Required action -
For each record that follows, restate the text exactly and drop the pictures.

Supplied records -

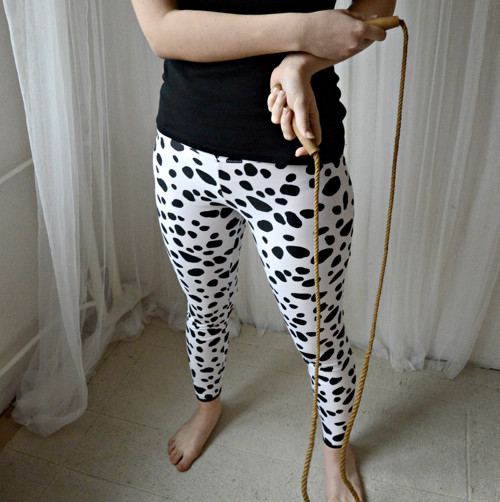 Legíny Black and White Dalmatin — foto 3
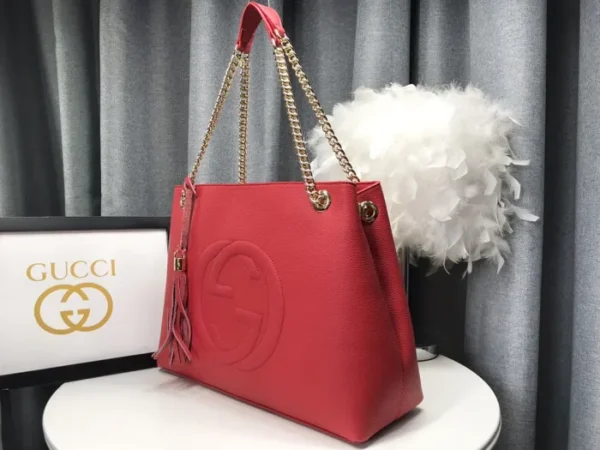 GUCCI SOHO HANDBAG - Image 4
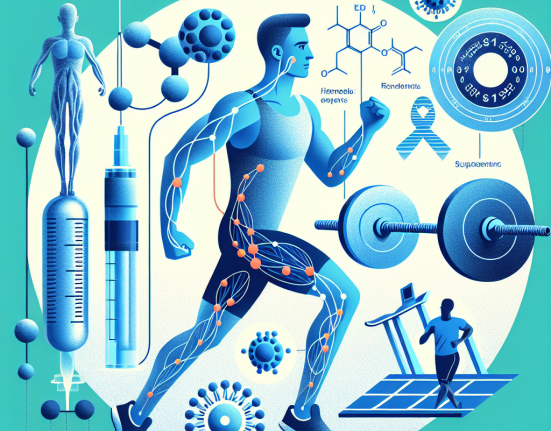 Weibliche Hormone und ihre Rolle bei der Anwendung von Clomid im Sport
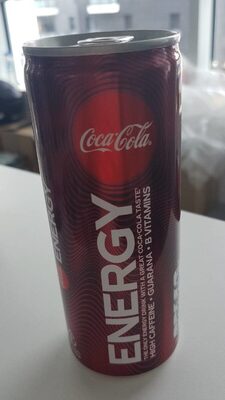 Coca-Cola Energy - 5449000265098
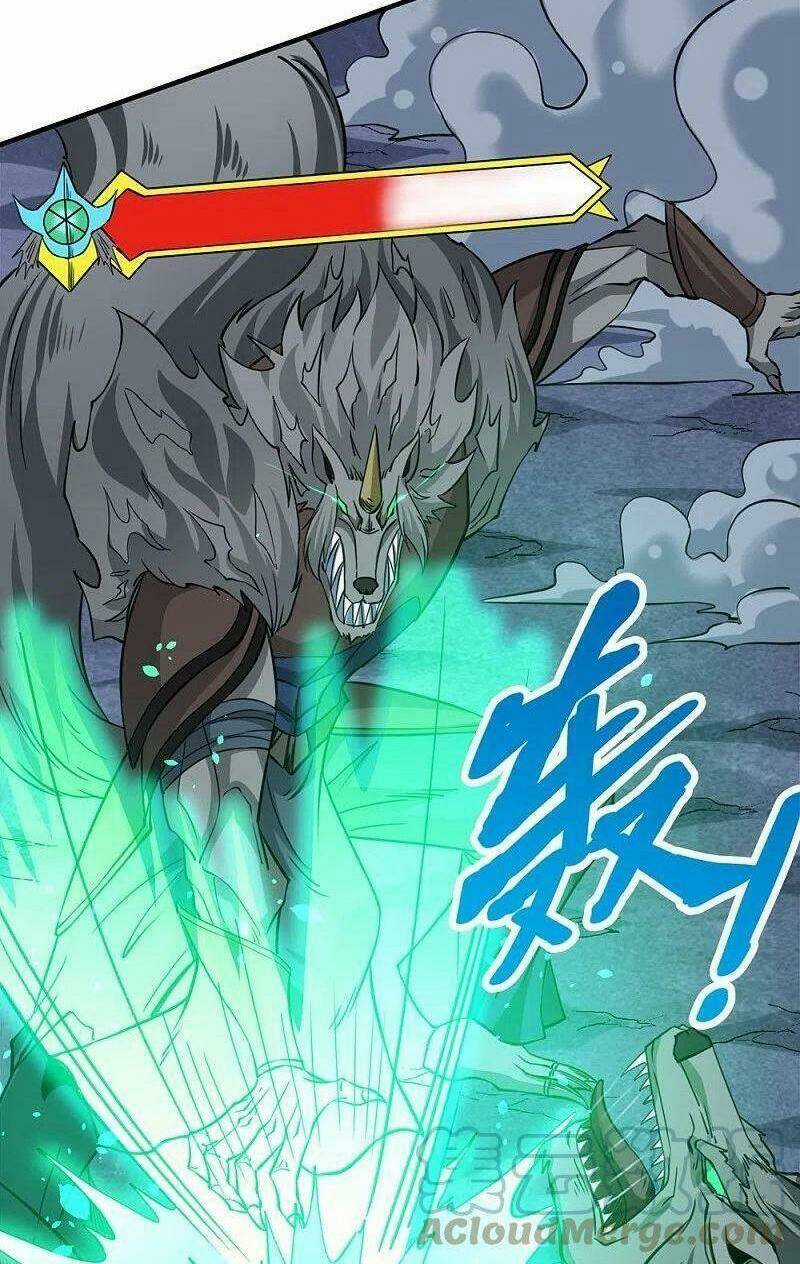 Kiếm Vũ - Chapter 245 - Trang 18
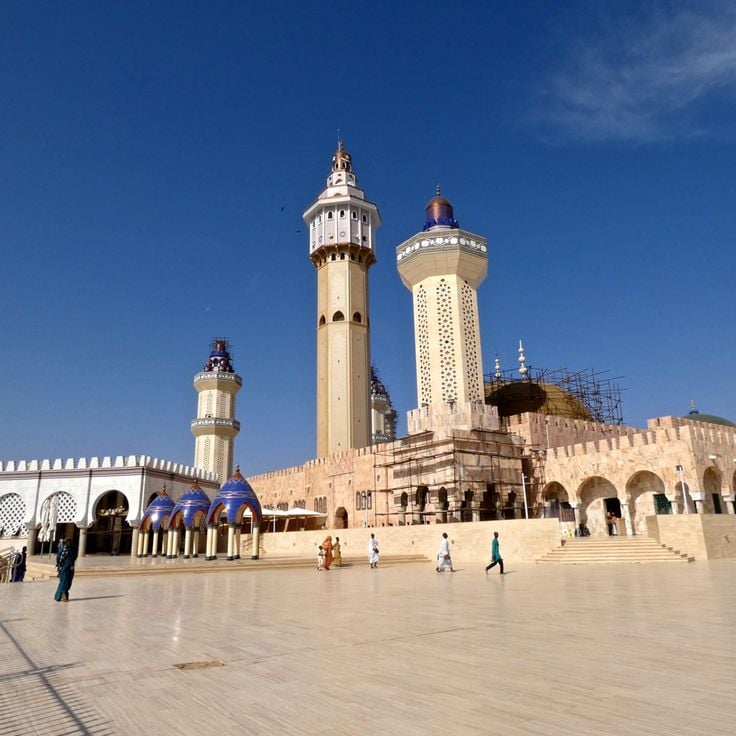 Great Mosque of Touba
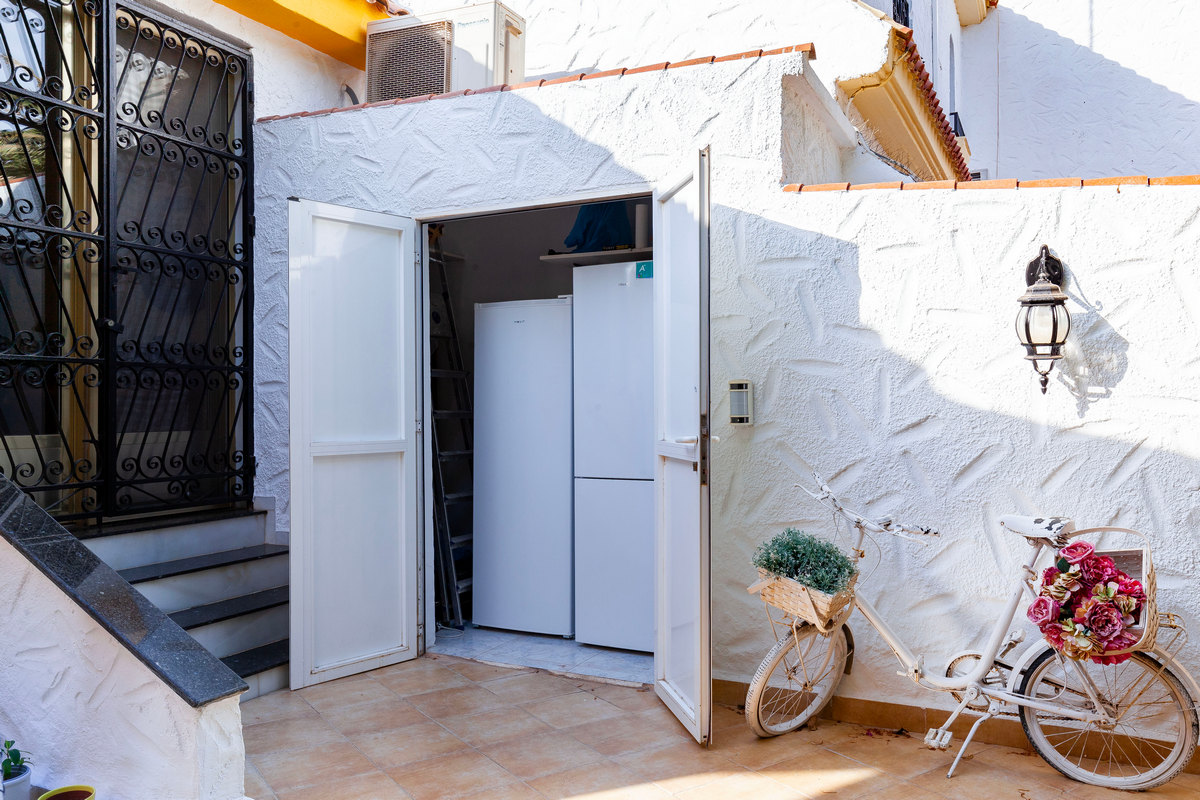 Bezugsfertige Einfamilienhaus, Wohnanlage Pueblo Andaluz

Response area -
 Legíny Black and White Dalmatin — foto 3
 GUCCI SOHO HANDBAG - Image 4
 Weibliche Hormone und ihre Rolle bei der Anwendung von Clomid im Sport
 Coca-Cola Energy - 5449000265098
 Kiếm Vũ - Chapter 245 - Trang 18
 Great Mosque of Touba
 Bezugsfertige Einfamilienhaus, Wohnanlage Pueblo Andaluz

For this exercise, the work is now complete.